His father and a minister friend gave him a thorough classical education. Frelinghuysen was graduated from the University of Lingen in 1717.
Frelinghuysen was licensed in 1717 by the Classis of Emden and the next year became a chaplain and then subrector in Friesland. Having learned that four Dutch frontier congregations in New Jersey desired a pastor, Frelinghuysen left for America in 1719.
In a guest sermon in New York (1720) he immediately offended influential clerics by deviating from established rubric and by advocating revivalism.
In his scattered settlements Frelinghuysen taught and preached passionately that religious performance without true conversion was an abomination. His zeal appealed to the young and the poor, but many parishoners resented criticism of their behavior and Frelinghuysen's stringent requirements for taking Communion.

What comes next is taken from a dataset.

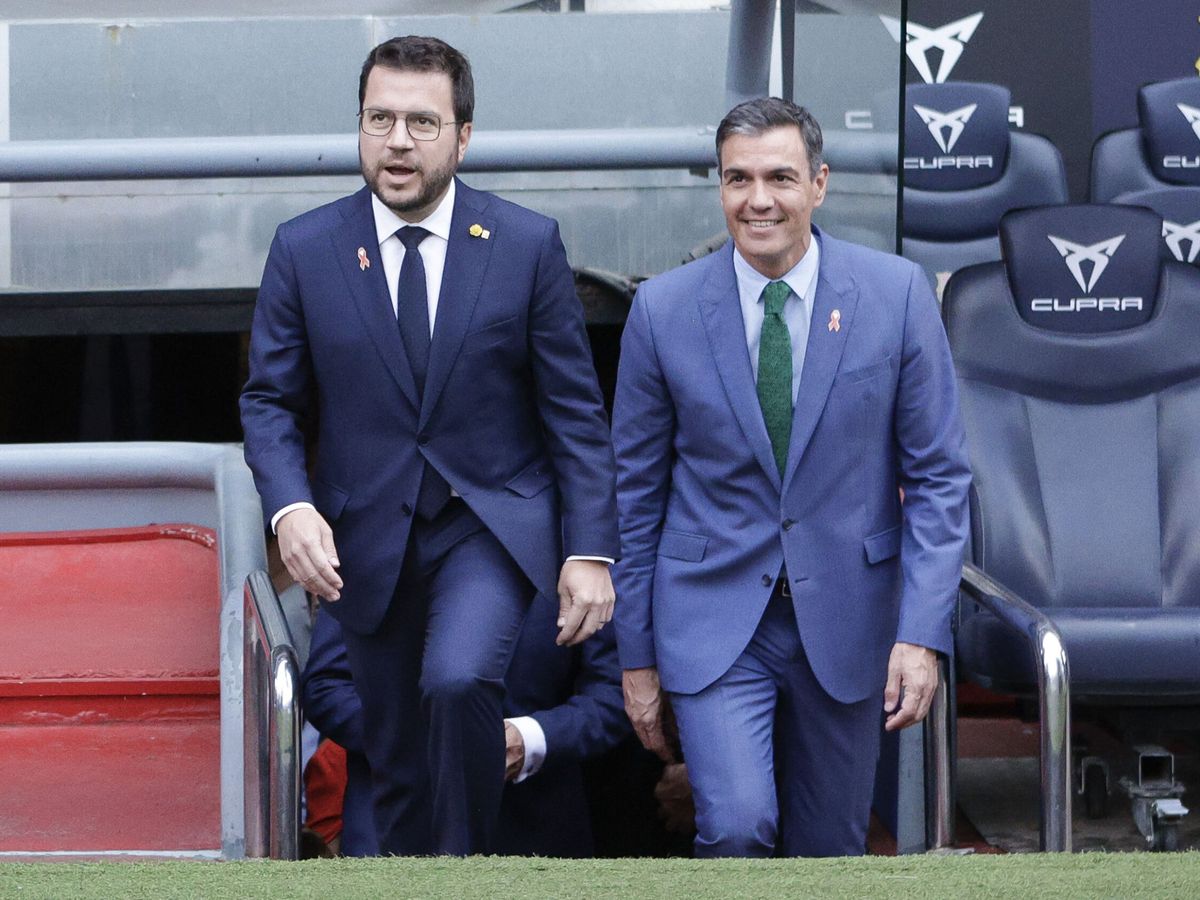 Foto: El presidente del Gobierno, Pedro Sánchez (d), y el de la Generalitat, Pere Aragonès. (EFE/Quique García)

They allied themselves with New York clergymen who proclaimed baptismal regeneration instead. A long, bitter dispute produced publication of a lengthy Klagte (Complaint), signed by 64 family heads in the parishes. Some clerics, however, sided with Frelinghuysen, who defended himself ably in sermons published in several pamphlets. Gradually Frelinghuysen's influence grew; he was increasingly invited to preach to other New Jersey congregations.
Eloquent and vigorous, Frelinghuysen stimulated community intellectual life and trained several ministers. His presentation of the Gospel had a reforming effect, and significant revivals followed.
The movement spread to other denominations, and Frelinghuysen (with the aid of Gilbert Tennent and later George Whitefield and Jonathan Edwards) led in generating the series of revivals called the Great Awakening.
Innovative and individualistic, Frelinghuysen worked to free the New World Dutch Church from the Classis of Amsterdam and urged greater authority for an American clerical tribunal than that granted by the Church in Holland.
He also introduced private prayer meetings and lay preaching and advocated founding a college and theological seminary.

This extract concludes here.